Obama’s first-term approval average, like those of most presidents with lower first-term averages, was likely dragged down by a sluggish economy. Clinton and Reagan saw higher second-term approval as the economy improved. Obama’s approval rating has also shown improvement, with a 48.1% average in his fourth year in office after a 44.4% average in his third year.

Obama has recently rebounded, but it’s still not terribly impressive from a historical standpoint:

The more recent positive trend in evaluations of Obama is evident in his quarterly averages. For his 16th quarter in office, from Oct. 20 through Jan. 19, he averaged 51.9% approval. That was his first quarterly average above 50% since his fourth quarter in office. Obama has seen at least modest improvement in his job approval average each of the last five quarters, since a term-low 41.0% in his 11th quarter in office. That quarter was marked by contentious negotiations to raise the federal debt ceiling, and an ensuing drop in the stock market while unemployment remained high.

Even at 51.9%, Obama doesn’t have much momentum rolling into his second term.  That only puts him above Reagan and Clinton, neither of whom were known for their second-term agendas.  George W. Bush had a 62.2% average approval rating in his first term, and the combination of a botched attempt to reform Social Security and the Hurricane Katrina disaster ended any hope of making headway in a second term on domestic politics, while the worsening war in Iraq eroded what was left of his political capital.

Why does this matter for Obama? He will argue this week, starting today, that the American people validated his agenda, but clearly that’s not the case.  He became the first post-WWII President to win re-election with fewer votes, and his approval ratings have perked up in the wake of the fiscal-cliff deal, but he’s hardly in the driver’s seat.  Moreover, the one policy for which Obama might have legitimately claimed a mandate from the election — higher taxes on the wealthy — has already passed at the end of his first term.

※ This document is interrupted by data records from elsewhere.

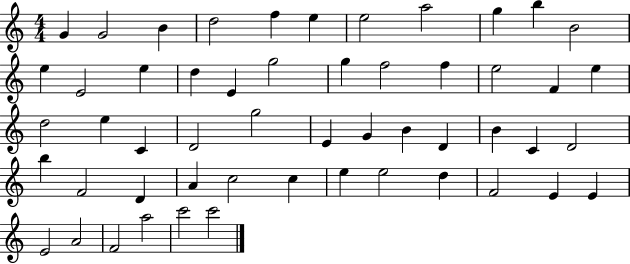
{
  \clef treble
  \numericTimeSignature
  \time 4/4
  \key c \major
  g'4 g'2 b'4 | d''2 f''4 e''4 | e''2 a''2 | g''4 b''4 b'2 | \break e''4 e'2 e''4 | d''4 e'4 g''2 | g''4 f''2 f''4 | e''2 f'4 e''4 | \break d''2 e''4 c'4 | d'2 g''2 | e'4 g'4 b'4 d'4 | b'4 c'4 d'2 | \break b''4 f'2 d'4 | a'4 c''2 c''4 | e''4 e''2 d''4 | f'2 e'4 e'4 | \break e'2 a'2 | f'2 a''2 | c'''2 c'''2 | \bar "|."
}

Small wonder that Politico takes a pessimistic view of Obama’s opportunities in a second term:

But presidential closing acts tend to be periods of reaction rather than action. Even the strongest and most proactive chief executives find themselves bowing to events, a process not unlike watching the battery of an iPhone slowly die — with many messages still left to be returned.

Obama, who has made a habit of bucking historic trends, is hoping to defy the second-term curse. He’ll try to transform his campaign organization, with its millions-strong lists of supporters, into a new force for fundraising and mobilization to pressure Republicans and Democrats who don’t support his agenda. …

Obama’s convincing win over Mitt Romney in November has proven to be a powerful lever in his negotiations with Republicans so far, contributing to his success in fiscal cliff negotiations and helping to drive his approval numbers into the mid-50s for the first time in years. People close to the president cite the 2012 win as a liberating event, one that freed him to stand tough against his enemies. The problem — and it grows with each passing day leading up to the next election — is that Obama’s damn-the-torpedoes attitude is out of sync with the mind-set of his own party. Twenty Senate Democrats face reelection in 2014, compared with 13 Republicans, many of those Democrats in hard-to-hold states like North Carolina, West Virginia, Louisiana and Arkansas. “He’s never been really that attuned to the Hill in the first place,” says a former Obama aide. “Now that he’s not running for anything, he’s increasingly out of sync. That increases the likelihood he leads and no one follows.”

Historically speaking, not too many are following him now.